Bien loin de là, Jean-Baptiste Monge a quitté l’autoroute depuis un moment pour une dérivation campagnarde. L’étroite départementale glisse entre les champs, dans la lumière froide d’une énorme lune. Les cultures intensives viennent de prendre fin avec les premières parcelles bosselées, chaotiques, d’une terre plus pauvre. Les arbres se réapproprient l’espace en bordures, en bosquets, et même parfois au milieu des prairies. Jean-Baptiste note ce changement avec bienveillance, c’est plus agréable pour courir ! Ce qu’il fait chaque matin.

Il roule dans la fraîcheur, sa vitre ouverte sur la campagne. Il est en paix avec lui-même. On peut dire que c’est un homme tranquille, un consultant heureux. Il va de chantier en chantier, voit de nouveaux visages, goûte ici et là des nectars locaux, que ce soit de l’alcool ou des chairs. Jean-Baptiste estime être un digne représentant de la philosophie épicurienne. Il parcourt les hautes terres et le Massif central les trois quarts de l’année avec tous les attributs du privilégié. Il est payé pour cela, et bien !

Le milieu de la nuit est pour lui un moment privilégié. C’est même la période où la conduite automobile conserve quelques grâces à ses yeux, parce que personne ou presque ne fréquente le bitume campagnard.

Presque, parce que depuis quelques minutes, quelqu’un d’autre éclaire nerveusement le paysage, joue du levier de vitesse. Jean-Baptiste ralentit, tient le plus possible sa droite pour laisser l’empressé le dépasser. Une longue ligne droite partage le premier contrefort montagnard.

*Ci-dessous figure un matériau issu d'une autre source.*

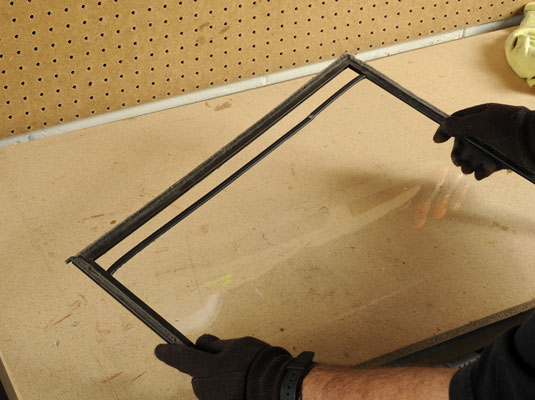 How to Replace a Glass Pane in an L-Bracket Metal-Frame Window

Les hommes qui conduisent la nuit n’imaginent pas la vie nocturne des animaux. Il y a des courses, des guets, des luttes, des pièges, des vols meurtriers. Le hérisson, par exemple, s’en est bien tiré. Au menu vespéral : vers de terre, escargots, limaces. Il a longuement guetté une vipère mais la maligne s’est faufilée dans les herbes denses. Il ne s’inquiète pas, il connaît ses coins. D’ailleurs, lui aussi va en changer. De l’autre côté de la route, sa réserve de chasse l’attend. Avec un peu de chance, il débusquera un petit dessert, un œuf ou quelques larves. Le hérisson s’engage sur la voie déserte. Elle transpire, renvoie sa chaleur diurne et, comme en cette fin d’été les jours raccourcissent et que déjà les nuits rafraîchissent, il s’attarde avec nonchalance et attend son heure.